Assailed from all sides

21 April 2018, 20:43 | Updated: 21 April 2018, 20:49

brexit

Vast numbers of doddery, chuntering old geezers coalesced into one giant geriatric fist of fury that dealt the government a biff on the bonce.

It was one of the largest votes that the House of Lords has ever seen and they were there for one purpose. It was to stick up for Britain's interests or to thwart Brexit, depending on your fixed-in-concrete point of view.

The Lords voted by 348 to 225 that the government should have to consider remaining in the EU's Customs Union.

This did not go down well with Theresa May who had personally drawn a red line around that issue.

She seems to have been free with the use of red lines.

The prime Minister has drawn so many red lines on various negotiation points concerning Brexit that she stands in a swirling maelstrom of them and she might be hard pressed to find an escape.

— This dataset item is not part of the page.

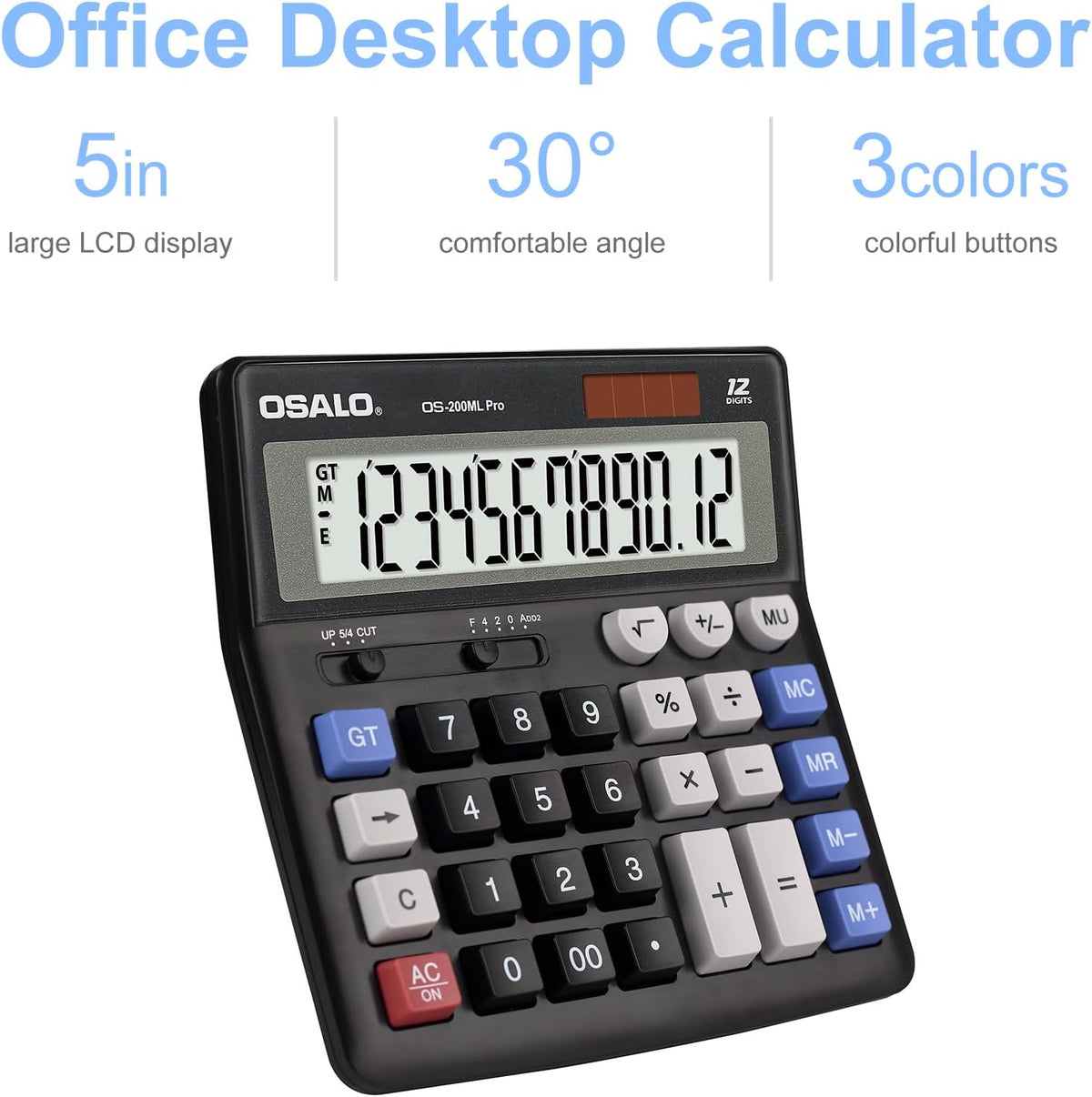 OSALO Desktop Calculator Extra Large Display 12 Digits Big Buttons Solar Accounting Calculator for Office Black (OS-200ML)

The Lords also thwacked the government on its disinclination to guarantee the rights of EU citizens once we leave the EU.

Twice stymied in the same week.                 

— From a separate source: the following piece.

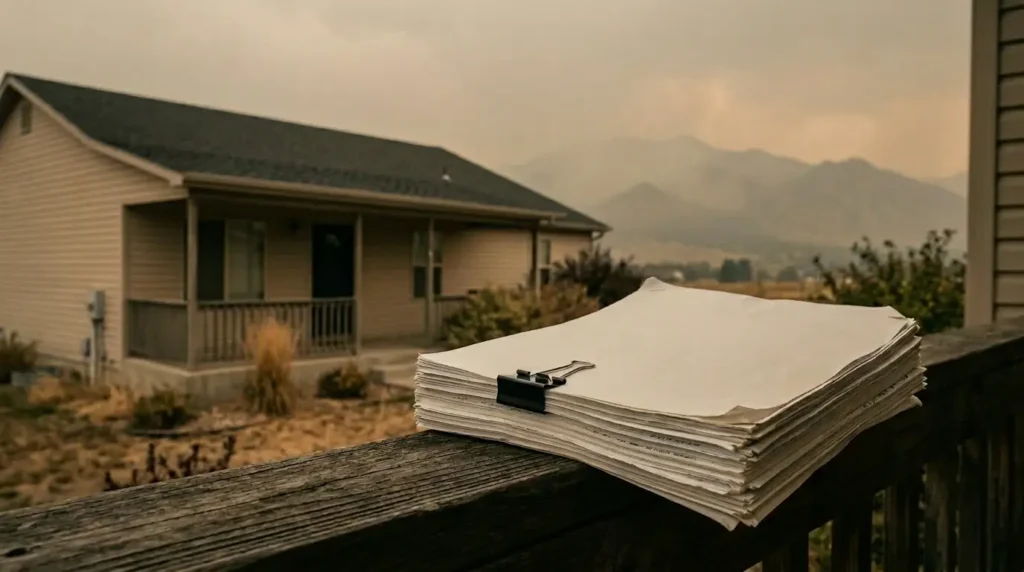 Insurance documents on porch railing with smoky Colorado mountains — wildfire total loss claim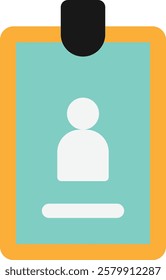 ID Card Identification Icon Vector Flat Illustration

But that was not the extent of the Mrs May's troubles.

There was also The Troubles.

Brussels rejected all of Britain's fudging about the border between a brexited Northern Ireland and the rest of the Emerald Isle which will remain in the EU.

European negotiators insist that there cannot be no border between the EU and the UK, but the British insist that there can be no hard border because people might start shooting each other again.

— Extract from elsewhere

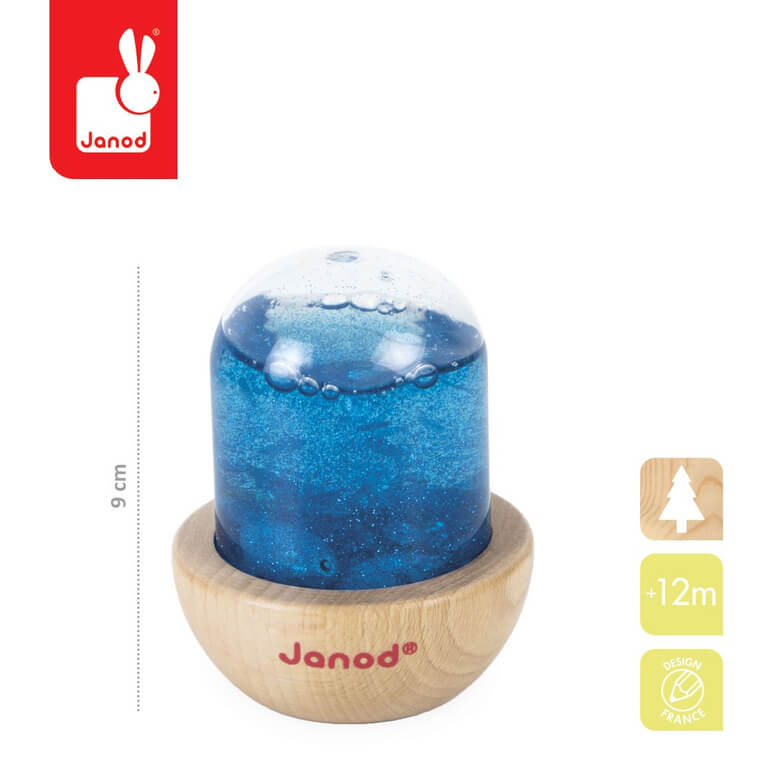 Sensoryczna kula śnieżna z brokatem 12m+ niebieska / Janod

The EU say there must be border controls for tax and standards reasons and the British say that the border must not be in the Irish Sea, or on land, Sinn Fein want Northern Ireland to remain in the Customs Union and Single Market but the DUP, on whom the PM relies, want no difference in rules from the rest of the UK.

If we leave the EU completely with a hard Brexit, Sinn Fein will be upset, if Northern Ireland retains some synchronicity while the rest of the UK goes its merry way, the DUP will be upset, if there are no borders, the EU will be upset and if there are borders, the UK will be upset.

Basically, everybody that has a say wants something completely different from everybody else and it’s a bit like untangling the Christmas tree lights – you know there must be a way to straighten it all out but you can't quite fathom how.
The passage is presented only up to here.